Flooded by a Storm, Then by Grace
Spreading Mulch and the Gospel
In the weeks following the storm, we were overrun with volunteers and offers of help. Then, most people went back to their normal lives. Like most homes in our neighborhood, Midland Beach, ours was still completely uninhabitable. We had no electricity, no furnace or hot water heater, and no idea if insurance or FEMA would help rebuild. Many families, good friends of ours, chose to permanently leave their homes. It was a time of darkness and uncertainty for our family and the whole borough.
But the SIERA team wouldn't leave. They just kept coming back with building supplies, laborers, and hearts that were open to listening to our sorrows.

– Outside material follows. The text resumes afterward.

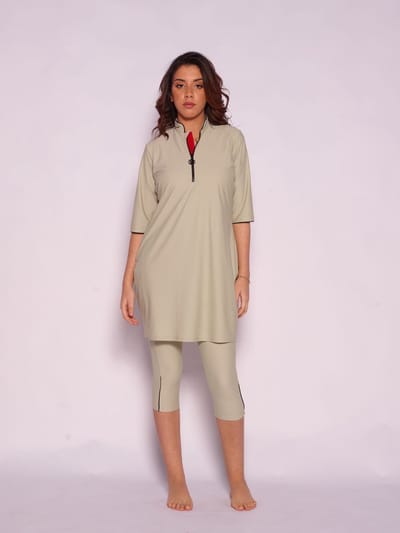 MYKINY BRAND - Ivy - Maat M - Sage groen - Semi burkini - badpak dames - Waterafstotend (valt klein)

Our story has a happy ending. After many months of hard work, we were able to restore and repair our home with a combination of government aid and the generosity of family, friends, and strangers. We moved back into our home on March 23, the week before Easter. The following Sunday, our family woke up to celebrate Christ's resurrection in our restored home.
However, the massive flood of salt water into our neighborhood killed most of its foliage. While the majority of homes in our area had been restored internally, the streets still looked like a war zone. Spring had arrived, yet our lawns were clumps of mud, our trees and shrubs, brown and shriveled. Debris lay everywhere. The ugliness was a constant reminder of Sandy.
So on Easter weekend, the SIERA team returned to our neighborhood, this time with grass seed, shovels, rakes, mulch, and other gardening materials. Spring was here, and so was new life. The message of resurrection and rebirth was never clearer than when we looked out our windows and saw strangers combing our neighborhood, spreading mulch and the gospel of Christ.